I’ve switch jobs and im working with C++, Objective-C++ and alot of cross platform stuff. Which is a nice change of pace from Java. I’ve extracted out the C++ unit testing framework from one of our IP projects and am actively using it to write unit test for a data exporter im working with, which brings me to my point for this post. And thanks to Kevin who helped me figure this out.
In C++, it turns out function-call arguments are not guaranteed by the standard to be evaluated in the traditional “left-to-right” order. Instead, it’s totaly implementation defined, and I’ve found that on VC++ (2k5) its as you would expect about 90% of the time, but there are certain situations where the compiler decides to mix things up.
the problem was noted in this piece of code:
Vec3 boundsMin( reader.readF32(), reader.readF32(), reader.readF32() )
the compiler translated it into something along these lines:
call readF32 /* stores the result in ecx */
push ecx
fstp dword ptr [esp]
call readF32
push ecx
fstp dword ptr [esp]
call readF32
push ecx
fstp dword ptr [esp]
lea [boundsMin]
call Vec3::Vec3
notice how the store instruction “fstp” always writes to the memory location specified by esp? now the assembly generated for Vec3 constructor’s uses the “rep stos” instruction to “block copy” the contents of the location esp refers to. Initially, all this code looks like it happens how you would expect: “left-to-right” but the reason it doesnt work as expected is because the “push” instruction is decrementing the value in esp by 4 and writing the value of the operand to the top of the stack every time its called.
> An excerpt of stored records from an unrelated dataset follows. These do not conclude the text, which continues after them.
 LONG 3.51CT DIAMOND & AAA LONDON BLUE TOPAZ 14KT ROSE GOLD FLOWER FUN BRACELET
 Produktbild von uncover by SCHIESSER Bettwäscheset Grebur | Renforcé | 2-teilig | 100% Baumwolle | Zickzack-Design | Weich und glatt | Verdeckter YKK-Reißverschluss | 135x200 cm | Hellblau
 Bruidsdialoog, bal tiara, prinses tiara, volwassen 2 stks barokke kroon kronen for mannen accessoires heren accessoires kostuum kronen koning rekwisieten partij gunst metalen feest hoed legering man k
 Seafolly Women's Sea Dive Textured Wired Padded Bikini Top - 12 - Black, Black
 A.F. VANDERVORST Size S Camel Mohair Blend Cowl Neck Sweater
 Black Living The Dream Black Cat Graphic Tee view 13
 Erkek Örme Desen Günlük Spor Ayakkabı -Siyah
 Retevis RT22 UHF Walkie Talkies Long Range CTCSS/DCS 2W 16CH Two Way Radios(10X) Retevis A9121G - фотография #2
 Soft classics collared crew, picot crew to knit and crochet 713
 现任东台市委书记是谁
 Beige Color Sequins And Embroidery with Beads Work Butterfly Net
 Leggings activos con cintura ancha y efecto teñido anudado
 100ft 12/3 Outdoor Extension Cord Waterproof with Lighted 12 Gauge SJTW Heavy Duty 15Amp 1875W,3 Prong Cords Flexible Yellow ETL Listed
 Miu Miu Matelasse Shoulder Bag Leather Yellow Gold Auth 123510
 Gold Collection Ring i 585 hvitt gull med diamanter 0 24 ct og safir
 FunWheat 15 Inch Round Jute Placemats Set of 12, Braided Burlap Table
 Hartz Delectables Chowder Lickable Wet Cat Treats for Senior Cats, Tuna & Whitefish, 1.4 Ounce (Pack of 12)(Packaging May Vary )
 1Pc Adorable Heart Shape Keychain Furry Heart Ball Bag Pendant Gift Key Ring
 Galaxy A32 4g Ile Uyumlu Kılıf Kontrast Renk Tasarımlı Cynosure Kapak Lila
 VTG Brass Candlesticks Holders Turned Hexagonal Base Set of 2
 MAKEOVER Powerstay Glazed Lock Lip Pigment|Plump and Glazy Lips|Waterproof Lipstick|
What does this mean? in simple terms, yes, the reads happen in the order A,B,C but the resulting values are written into the stack-frame effectively backwards C,B,A (I say effectively because the “rep stos” instruction reads from lower memory to higher memory, but C was written to lower memory (because it was written last, hence esp would be at its lowest value), B in higher memory after C and A in even higher memory after B). This is where the non-guaratee by the standard comes into play, the only reason the compiler does this is because there is no requirement to do otherwise. hence all the values for this particular vector were having their x and z values swapped consistently in “Debug” generated code.
Fun times.
Oh and the lesson from all this: don’t inline function argument-expressions which have dependent reads. e.g. reading from streams.